Manufacturer of Medical Devices Agrees to Pay $42 Million in Criminal Fines and Civil Penalties

by Mike Mintz on June 20, 2012 · 1 comment

in Legal News and Trends,Litigation,martindale.com

A manufacturer of the bone-growth stimulators Spinal-Stim and Cervical-Stim, Orthofix, recently pleaded guilty in Massachusetts federal court to a felony count of obstructing a federal audit, and it agreed to pay approximately $42 million in criminal fines and civil penalties for illegally promoting the stimulators.  See United States of America v. Orthofix, Inc., No. 1:12-cr-10169 and United States of America, ex rel. Jeffrey Bierman v. Orthofix International, N.V., et al., No. 1:05-cv-10557, D. Mass.  According to federal prosecutors, Orthofix sales representatives forged the signatures of doctors on forms that were provided to Medicare.
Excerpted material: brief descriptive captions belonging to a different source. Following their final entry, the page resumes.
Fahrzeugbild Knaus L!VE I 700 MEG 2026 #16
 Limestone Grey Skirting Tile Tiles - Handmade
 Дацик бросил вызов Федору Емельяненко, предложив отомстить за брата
The sales representatives also either filled out forms themselves or coached medical personnel to complete the forms, and on these forms, they claimed, falsely, that the stimulators were needed for nine months, totally disregarding a physician’s medical judgment.  Medicare covered approximately one-fourth of Orthofix’s sales of stimulators.
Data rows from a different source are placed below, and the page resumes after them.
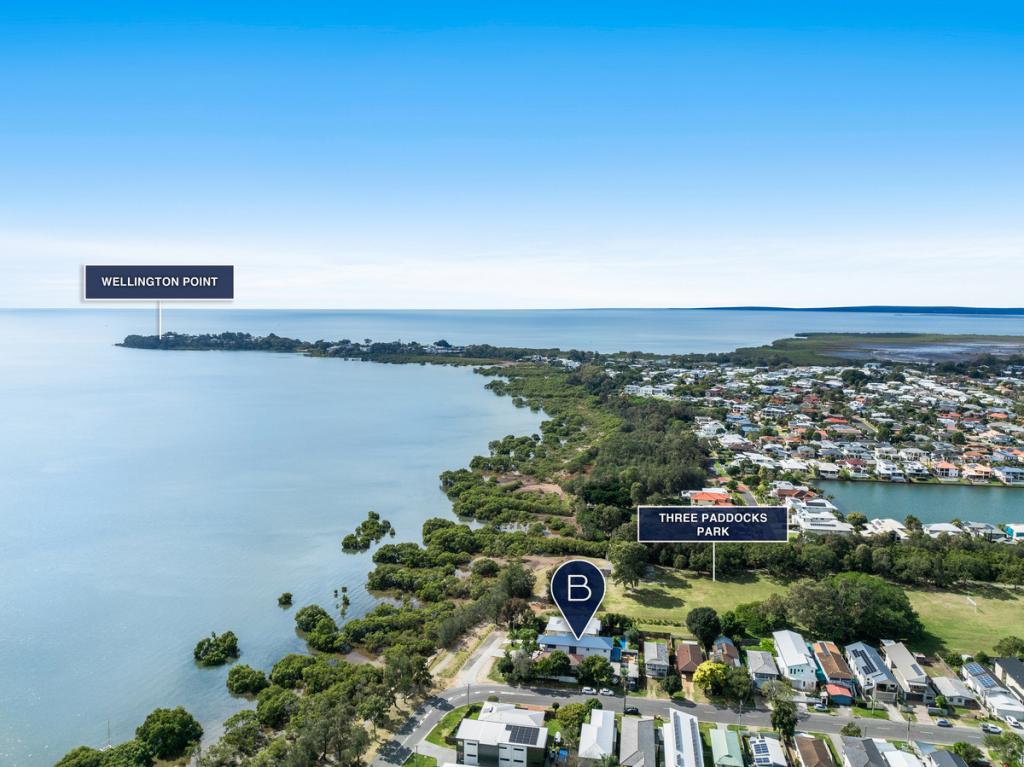 27 Bath St, Birkdale, QLD 4159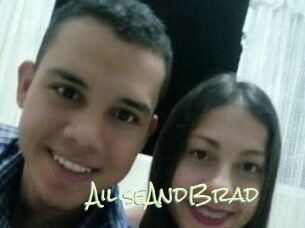 AiliseAndBrad Porn Monkey Cash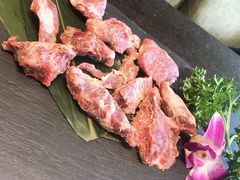 -牛中牛烤肉店(民生街店)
Four years ago a Medicare representative audited Orthofix.  The audit revealed that Orthofix did not disclose that many of its territory managers completed certificates of medical necessity without actually soliciting the input of a doctor first.  Several of these managers instructed doctors and their staff to incorrectly state that patients needed their stimulators for nine months, and it was also revealed that the managers forged doctors’ signatures.

Out of the $42 million Orthofix agreed to pay as part of its plea deal, the criminal fine totaled $7.65 million, and the civil penalty totaled $34.23 million.  The civil fine arose out of a lawsuit filed under the False Claims Act on behalf of the federal government by whistle blower Jeffrey Bierman.  According to Bierman, Orthofix inappropriately waived patient co-payments, thereby providing false information regarding the true costs of the stimulators, and causing the government Medicare program to overpay for the devices.  According to Bierman, Orthofix also submitted false certificates of medical necessity in order to get Medicare to cover the devices, and Orthofix did not inform patients that they had the cheaper option of renting the devices instead of buying them.  Orthofix also paid kickbacks and other types of referral fees to induce patients to use their devices.  Bierman will receive $9 million out of the civil fine as a result of his help in the investigation.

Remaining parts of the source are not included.